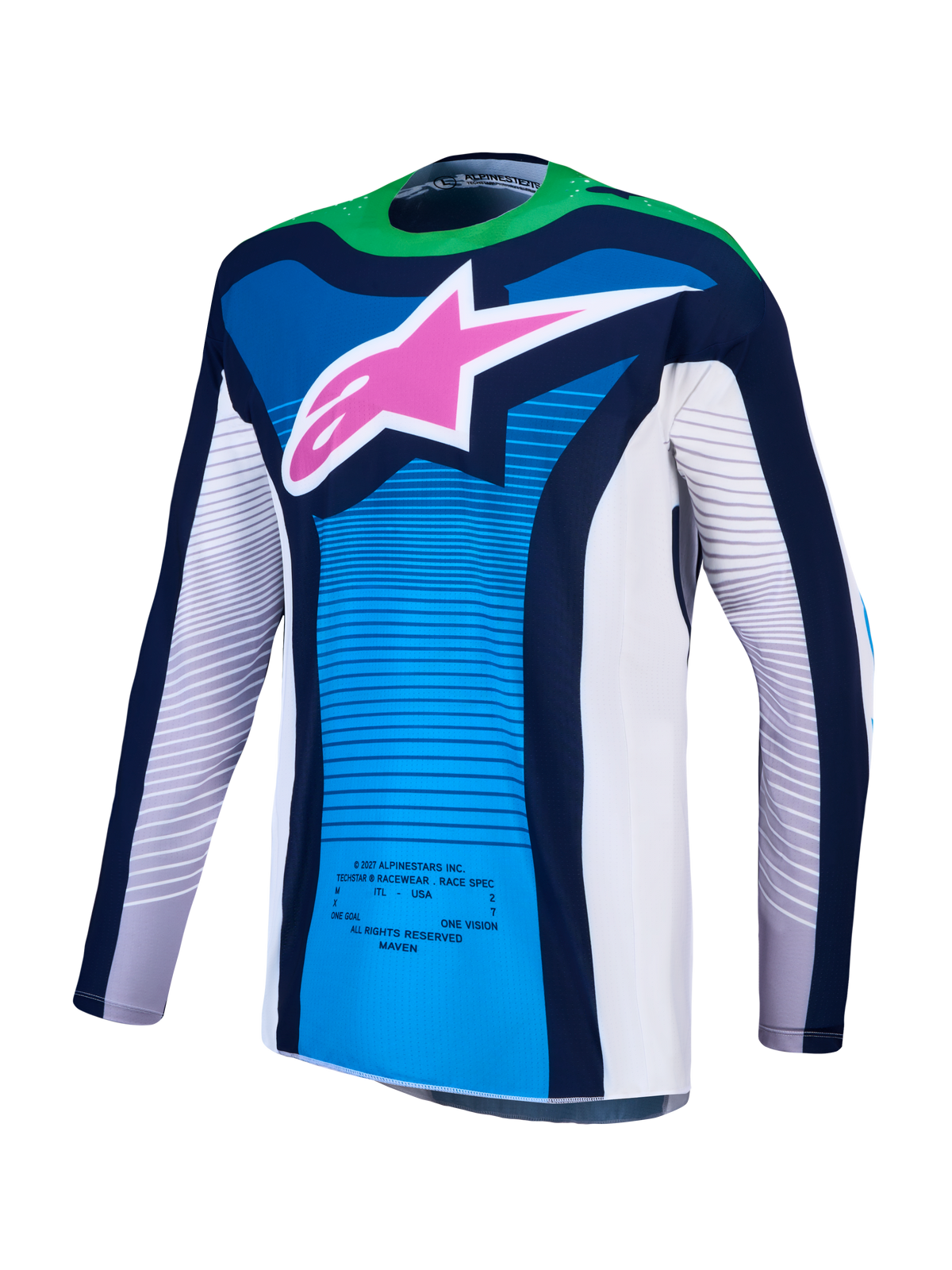 Alpinestars Techstar Maven trøje og 2027 Techstar Maven udstyrssæt, blå og neongrøn motocrosstrøje med pink stjernelogo.
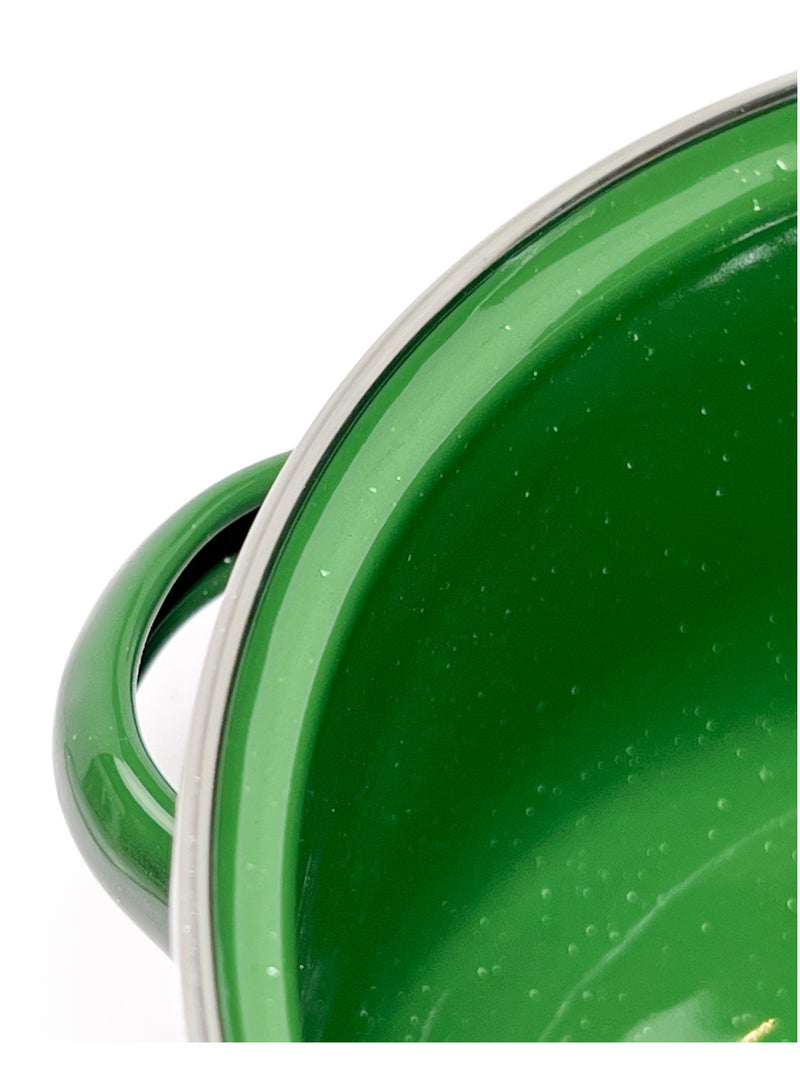 HTH Set of 5 Enamel Cookware Pots with Lid Set Non Stick Coating with Stainless Steel Welt & Dual Handle Non Stick Enamel Dutch Oven for Bread Baking Cooking Soup Dutch Oven  - Image 5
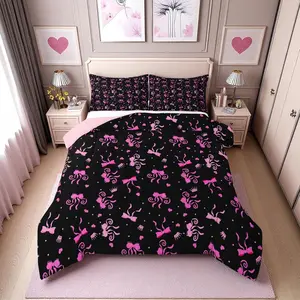 Pink Ribbon Bow Bedding Set for Girls | Pink and Black Bow Tie Comforter Set for Kids,Cute Princess Bowtie Quilt,Coquette Bows Bedroom Decor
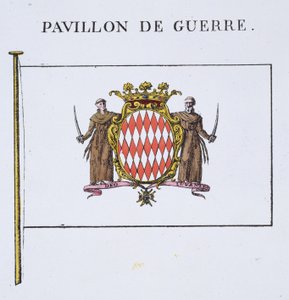 Pavillon de Guerre, Detail aus Flaggen aus Monaco, aus einem französischen Flaggenbuch, ca. 1819 von French School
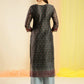 Dark Green Chinon Digital Printed With Hand Work Kurta - Himanshi - Swadesiicart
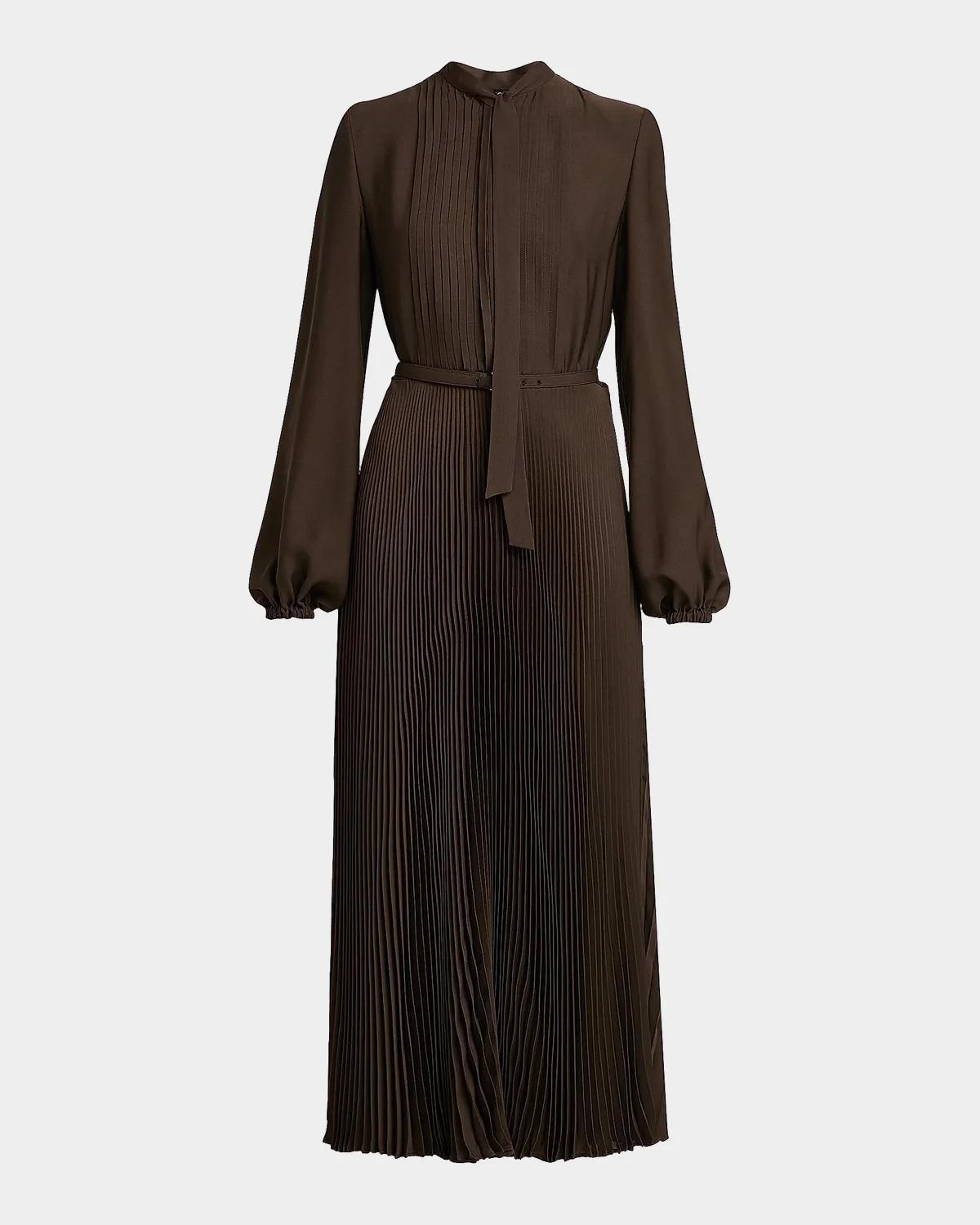 Viscose Crepe De Chine Pleated Dress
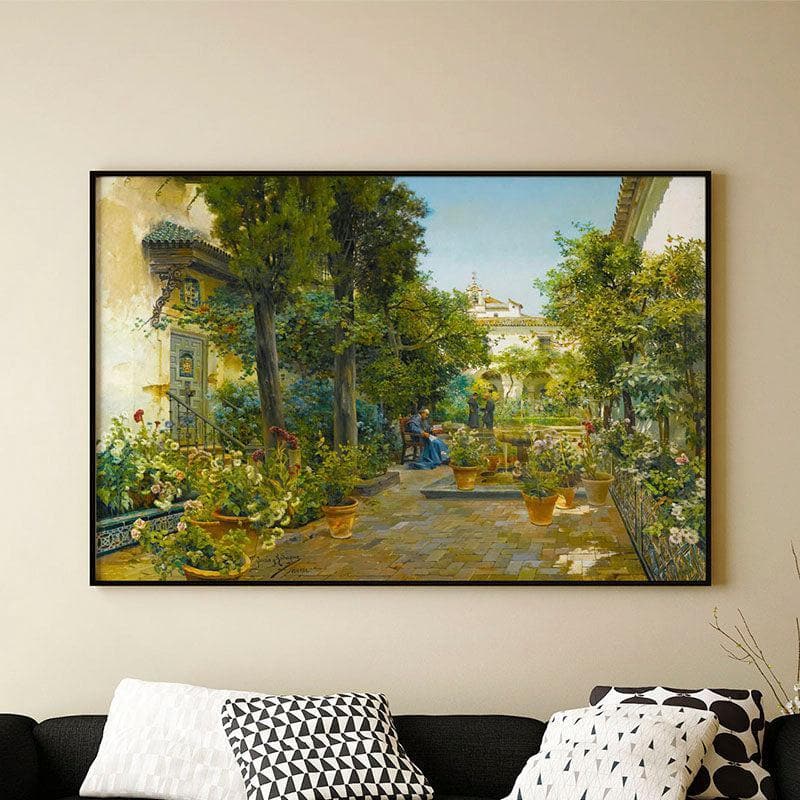 Garden In Seville Wall Painting - Black Frame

▶ [Description of the task]:
Please output the lines from the line that contains "HTH Set of 5" through the end of the records, both ends included, exactly and with no pictures.

▶ [The answer]:
 HTH Set of 5 Enamel Cookware Pots with Lid Set Non Stick Coating with Stainless Steel Welt & Dual Handle Non Stick Enamel Dutch Oven for Bread Baking Cooking Soup Dutch Oven  - Image 5
 Pink Ribbon Bow Bedding Set for Girls | Pink and Black Bow Tie Comforter Set for Kids,Cute Princess Bowtie Quilt,Coquette Bows Bedroom Decor
 Pavillon de Guerre, Detail aus Flaggen aus Monaco, aus einem französischen Flaggenbuch, ca. 1819 von French School
 Dark Green Chinon Digital Printed With Hand Work Kurta - Himanshi - Swadesiicart
 Viscose Crepe De Chine Pleated Dress
 Garden In Seville Wall Painting - Black Frame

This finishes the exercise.